Biochemistry in Bread Baking

In preparation of bread dough, a combination of yeast, water, flour, salt, and possibly other ingredients is made. The mixture is then kneaded to cause the flour proteins (gluten) to form a network that will give the dough its elasticity and enable it to hold the carbon dioxide produced by the yeast. The amylolytic enzymes, present in the wheat flour hydrolyze starch to maltose, providing a substrate suitable for yeast fermentation.
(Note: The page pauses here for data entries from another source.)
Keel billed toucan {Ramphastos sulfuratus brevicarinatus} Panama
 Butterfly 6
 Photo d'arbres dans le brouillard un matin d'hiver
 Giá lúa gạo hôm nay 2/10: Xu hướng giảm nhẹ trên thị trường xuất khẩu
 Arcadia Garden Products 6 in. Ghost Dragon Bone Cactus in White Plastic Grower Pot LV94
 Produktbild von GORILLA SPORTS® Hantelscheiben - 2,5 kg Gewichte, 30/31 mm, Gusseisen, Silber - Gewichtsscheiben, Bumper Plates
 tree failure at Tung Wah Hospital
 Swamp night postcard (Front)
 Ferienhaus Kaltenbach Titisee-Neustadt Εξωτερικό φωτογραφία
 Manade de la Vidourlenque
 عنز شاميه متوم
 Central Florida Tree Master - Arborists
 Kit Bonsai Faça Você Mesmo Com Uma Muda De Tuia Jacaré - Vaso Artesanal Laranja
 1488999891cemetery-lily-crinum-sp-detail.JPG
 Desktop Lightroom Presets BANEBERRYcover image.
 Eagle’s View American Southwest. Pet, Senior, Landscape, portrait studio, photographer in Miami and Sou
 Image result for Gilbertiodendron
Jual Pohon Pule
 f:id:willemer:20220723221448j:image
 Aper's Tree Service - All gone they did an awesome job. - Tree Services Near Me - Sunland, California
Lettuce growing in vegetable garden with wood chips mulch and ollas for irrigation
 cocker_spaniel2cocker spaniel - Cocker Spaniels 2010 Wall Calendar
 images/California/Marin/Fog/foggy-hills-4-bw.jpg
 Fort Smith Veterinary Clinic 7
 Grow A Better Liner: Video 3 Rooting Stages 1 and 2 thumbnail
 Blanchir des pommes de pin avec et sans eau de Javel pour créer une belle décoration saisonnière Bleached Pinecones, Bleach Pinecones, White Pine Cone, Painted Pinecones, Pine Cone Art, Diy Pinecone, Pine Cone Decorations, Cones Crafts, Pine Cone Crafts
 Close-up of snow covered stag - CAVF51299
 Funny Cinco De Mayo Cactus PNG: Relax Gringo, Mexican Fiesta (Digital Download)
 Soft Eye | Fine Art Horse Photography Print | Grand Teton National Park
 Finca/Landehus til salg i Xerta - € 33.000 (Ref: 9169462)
Fermentation begins, and the yeast at first uses the hexose sugars present in the flour and later utilizes some of the maltose released by hydrolysis of starch. Yeast undergoes alcoholic fermentation, producing ethanol and carbon dioxide gas, which aerates the dough.

C6H12O6 2C2H5OH + 2CO2

The carbon dioxide bubbles are trapped in the gluten network and produce a large number of pores that make the bread rise.

Immediately before baking, the alcohol content of the bread is as high as 0.5%. The expansion of dough is attributed not only to the carbon dioxide released during fermentation, but also to the vaporisation of ethanol, with a small amount contributed by water vaporisation during oven baking. This process is known as the leavening effect.

The vaporised alcohol also helps to give the bread a pleasant aroma.